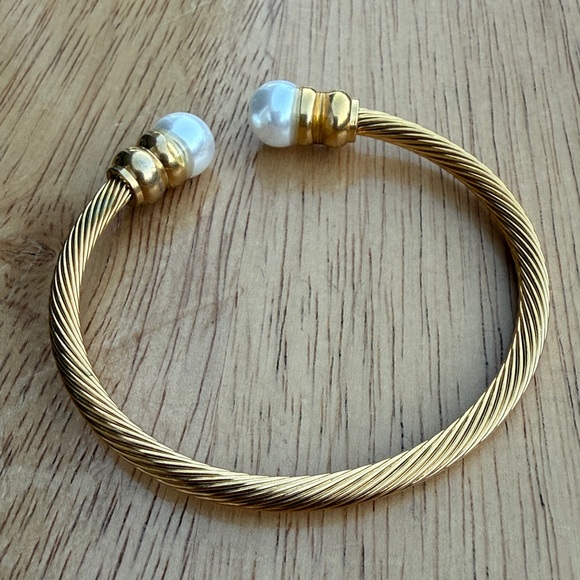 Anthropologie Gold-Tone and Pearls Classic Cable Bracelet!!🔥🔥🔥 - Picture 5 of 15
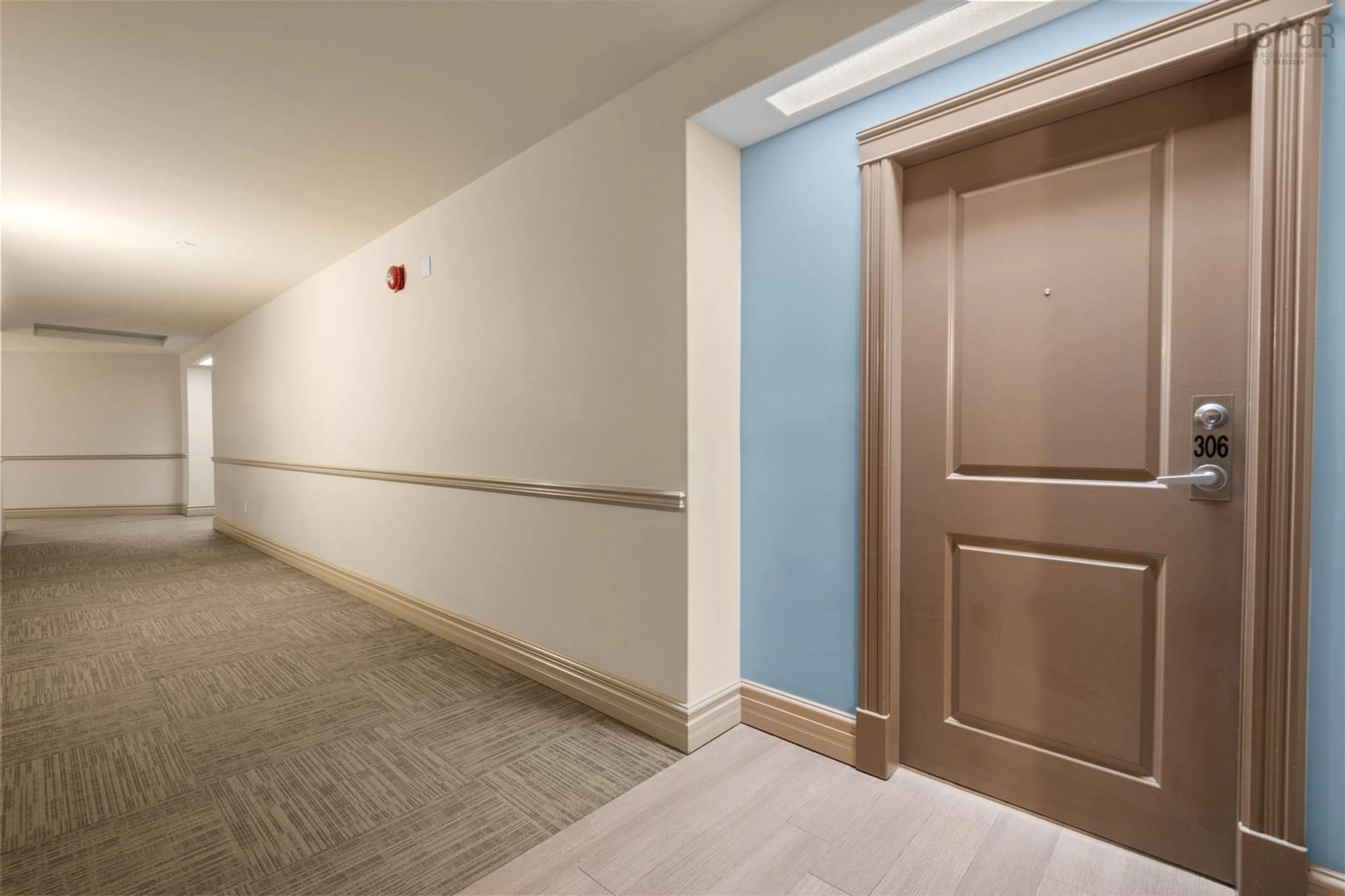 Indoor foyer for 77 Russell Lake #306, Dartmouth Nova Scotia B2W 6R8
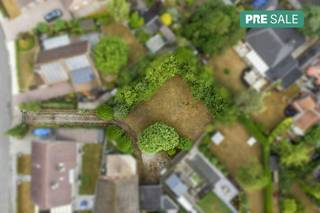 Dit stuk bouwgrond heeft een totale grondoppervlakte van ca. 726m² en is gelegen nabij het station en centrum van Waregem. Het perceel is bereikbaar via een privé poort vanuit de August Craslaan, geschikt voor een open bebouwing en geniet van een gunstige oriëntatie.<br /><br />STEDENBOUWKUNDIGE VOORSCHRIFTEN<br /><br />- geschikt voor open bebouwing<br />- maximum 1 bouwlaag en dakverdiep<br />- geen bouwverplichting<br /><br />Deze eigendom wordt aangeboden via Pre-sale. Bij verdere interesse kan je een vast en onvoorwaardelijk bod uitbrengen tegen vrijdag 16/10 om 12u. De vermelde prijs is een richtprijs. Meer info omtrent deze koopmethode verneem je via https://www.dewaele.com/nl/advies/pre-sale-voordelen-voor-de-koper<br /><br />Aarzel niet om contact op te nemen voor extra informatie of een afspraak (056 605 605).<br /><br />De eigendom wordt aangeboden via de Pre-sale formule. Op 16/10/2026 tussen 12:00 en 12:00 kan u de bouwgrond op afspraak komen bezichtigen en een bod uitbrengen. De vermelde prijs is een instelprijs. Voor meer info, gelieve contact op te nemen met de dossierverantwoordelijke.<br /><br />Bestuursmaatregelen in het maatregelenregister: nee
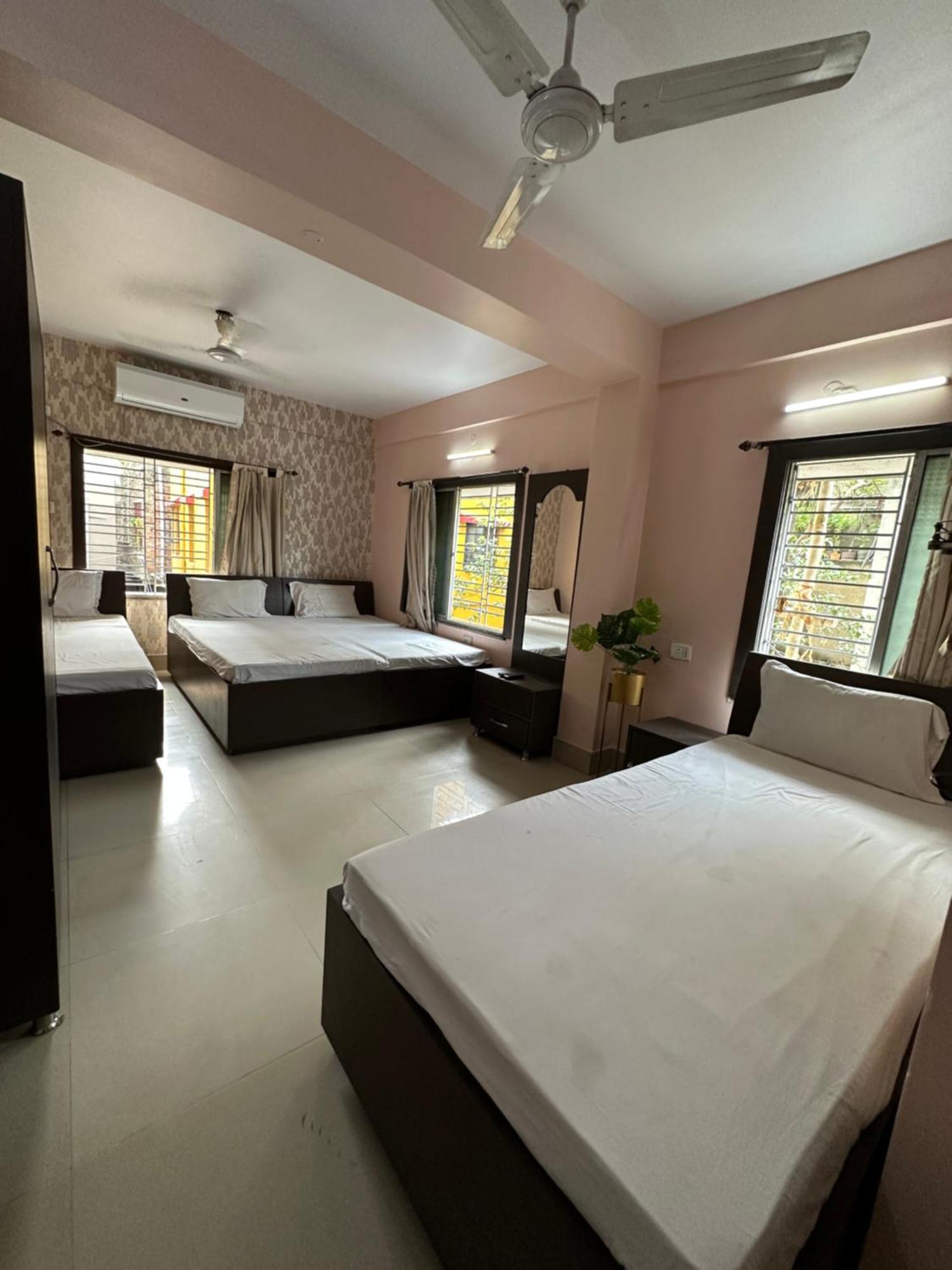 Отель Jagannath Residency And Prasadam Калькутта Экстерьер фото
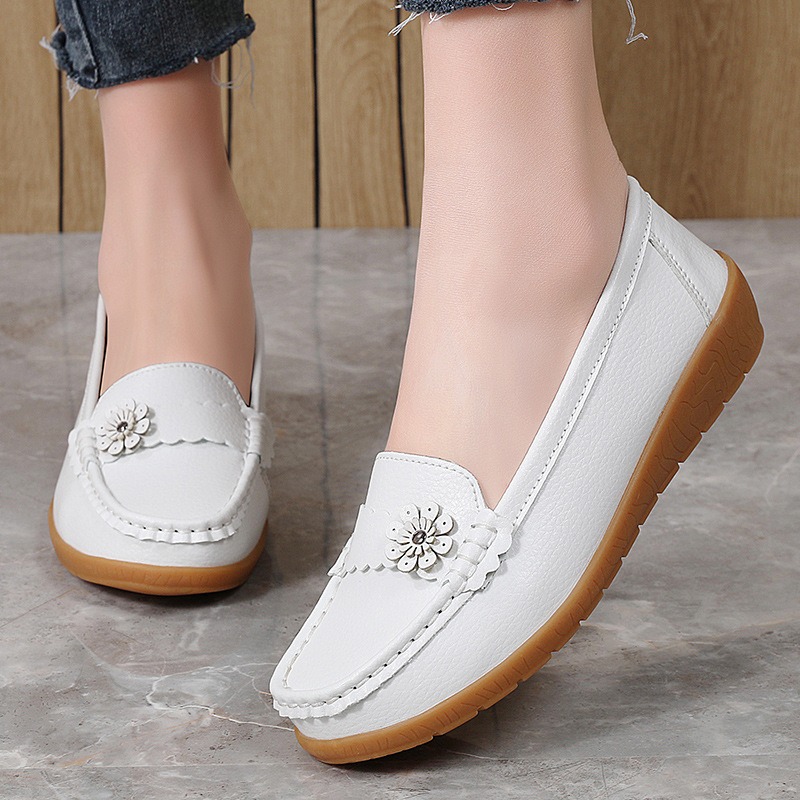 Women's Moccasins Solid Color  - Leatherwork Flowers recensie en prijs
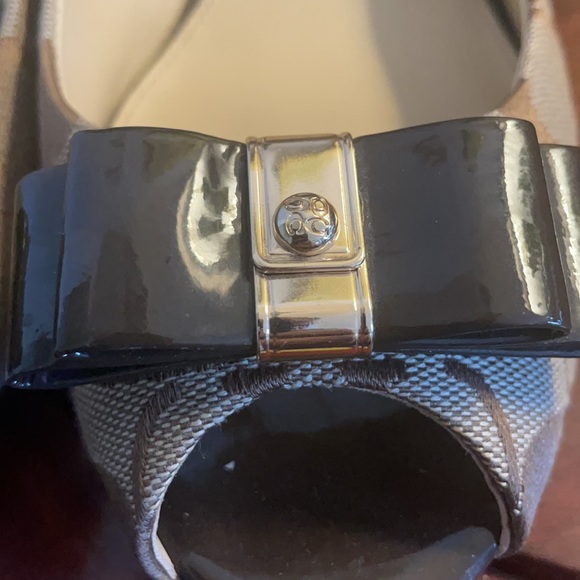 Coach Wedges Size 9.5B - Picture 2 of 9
-- -- --
▶ **How to complete this task**:
Every entry above needs to be printed again exactly, with its pictures left out.

▶ **Result of this task**:
 Anthropologie Gold-Tone and Pearls Classic Cable Bracelet!!🔥🔥🔥 - Picture 5 of 15
 Indoor foyer for 77 Russell Lake #306, Dartmouth Nova Scotia B2W 6R8
 Dit stuk bouwgrond heeft een totale grondoppervlakte van ca. 726m² en is gelegen nabij het station en centrum van Waregem. Het perceel is bereikbaar via een privé poort vanuit de August Craslaan, geschikt voor een open bebouwing en geniet van een gunstige oriëntatie.<br /><br />STEDENBOUWKUNDIGE VOORSCHRIFTEN<br /><br />- geschikt voor open bebouwing<br />- maximum 1 bouwlaag en dakverdiep<br />- geen bouwverplichting<br /><br />Deze eigendom wordt aangeboden via Pre-sale. Bij verdere interesse kan je een vast en onvoorwaardelijk bod uitbrengen tegen vrijdag 16/10 om 12u. De vermelde prijs is een richtprijs. Meer info omtrent deze koopmethode verneem je via https://www.dewaele.com/nl/advies/pre-sale-voordelen-voor-de-koper<br /><br />Aarzel niet om contact op te nemen voor extra informatie of een afspraak (056 605 605).<br /><br />De eigendom wordt aangeboden via de Pre-sale formule. Op 16/10/2026 tussen 12:00 en 12:00 kan u de bouwgrond op afspraak komen bezichtigen en een bod uitbrengen. De vermelde prijs is een instelprijs. Voor meer info, gelieve contact op te nemen met de dossierverantwoordelijke.<br /><br />Bestuursmaatregelen in het maatregelenregister: nee
 Отель Jagannath Residency And Prasadam Калькутта Экстерьер фото
 Women's Moccasins Solid Color  - Leatherwork Flowers recensie en prijs
 Coach Wedges Size 9.5B - Picture 2 of 9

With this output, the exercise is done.